01 September 2021

Books: The Thursday Murder Club (2020)

"Four septuagenarians with a few tricks up their sleeves; A female cop with her first big case; A brutal murder; Welcome to…The Thursday Murder Club.

'In a peaceful retirement village, four unlikely friends meet weekly in the Jigsaw Room to discuss unsolved crimes; together they call themselves The Thursday Murder Club. Elizabeth, Joyce, Ibrahim and Ron might be pushing eighty but they still have a few tricks up their sleeves.

'When a local developer is found dead with a mysterious photograph left next to the body, the Thursday Murder Club suddenly find themselves in the middle of their first live case. As the bodies begin to pile up, can our unorthodox but brilliant gang catch the killer, before it’s too late?”

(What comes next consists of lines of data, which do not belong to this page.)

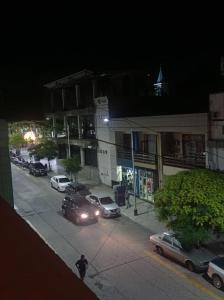 a city street at night with cars parked in a parking lot at Altos Caution Apart in Concepción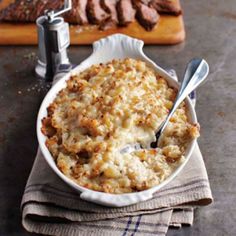 a casserole dish with meat and gravy in it on a table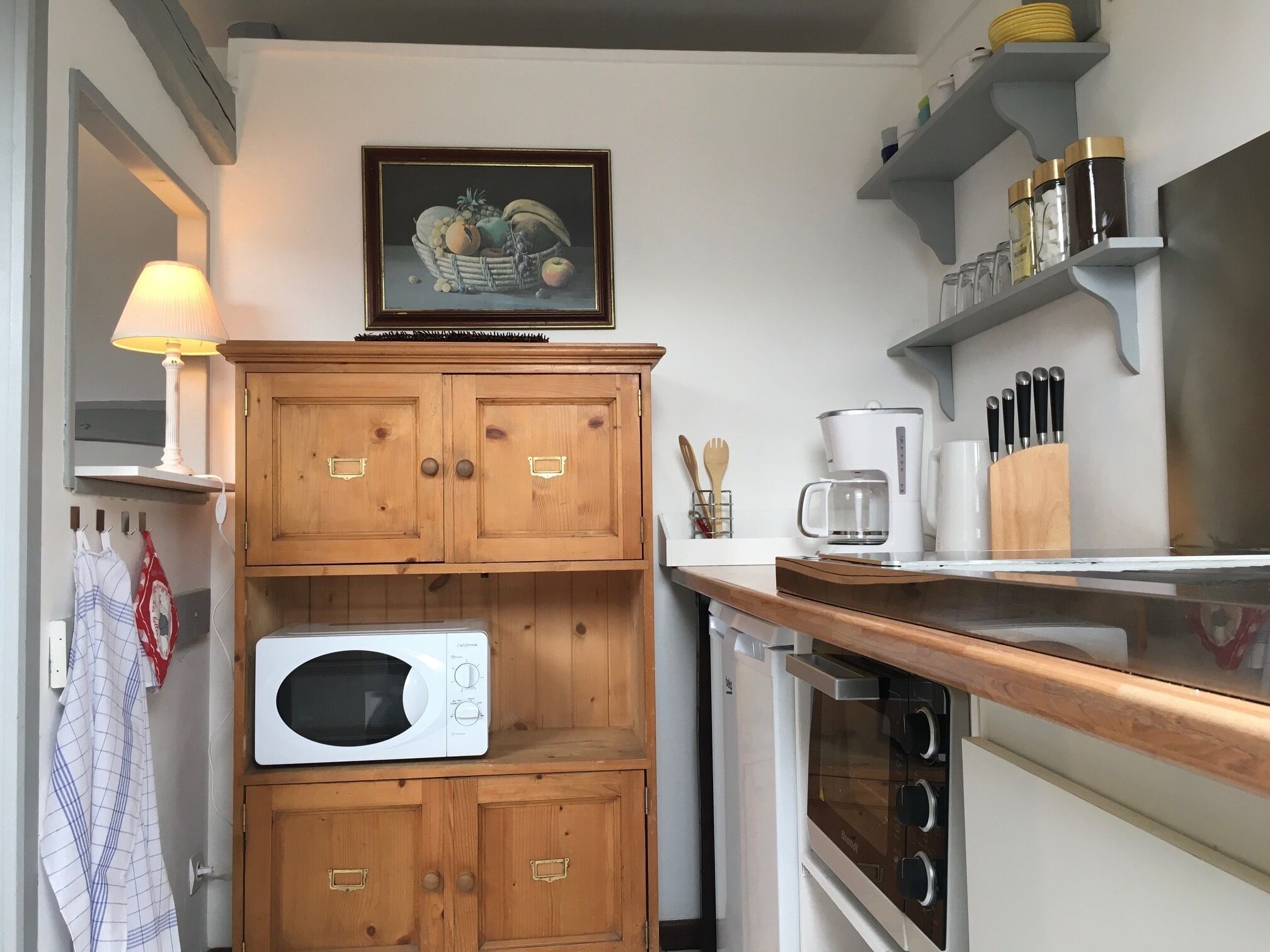 A kitchen with wooden cabinets, a microwave, an oven, a coffee maker, and a framed fruit still life on the wall.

The British are very good at creating wonderful whodunits. And The Thursday Murder Club is your traditional murder mystery, taking place in a small, obscure village where everyone has secrets and everyone has a motive for murder. But Coopers Chase in Kent is also filled with more quirky senior citizens than you shake a stick at. There is Joyce, a former nurse, Ron, a former trade unionist, Ibrahim, a former psychiatrist, and Elizabeth, who leads The Thursday Murder Club, and who is former intelligence agent, with has many connections and many favors to be called in when needed. She is also a hoot (Joyce is as well, especially in her diary entries, where you see she’s the quite one of the group, but she still sees everything). Added to the mix is PC Donna de Freitas, a recent transplant from the London Met, and her boss DCI Chris Hudson.

This debut novel from Richard Osman, a British humorist, producer, television presenter, writer, and creator of the BBC One quiz show Pointless, is a wonderfully enjoyable tale that features a group of four senior citizens who seemly have a penchant for solving cold case crimes and, now, a real murder. The prose is deft, and there are plenty of laugh out moments in the book. There is some twists and turns, per the genre, but also too many characters and storylines that seemed unnecessary. Also, while the core four (and somewhat, Donna & Chris) were fun, the actual crime of the murder (and murders) got confusing and caused me to sort of wonder why Osman diverged so much from the format. It got so much that in the end, I was bored with who the killer was –which is unfortunate, considering whodunits are about who did the deed and why. I also felt that Ibrahim, the former psychiatrist, who is also Egyptian, comes across more for diversity (one failure of the classic British mystery drama is that it’s pretty much white) sake and comes across as a cipher here. Maybe in the next two books, Osman will give him more to do and be more central to those books plots.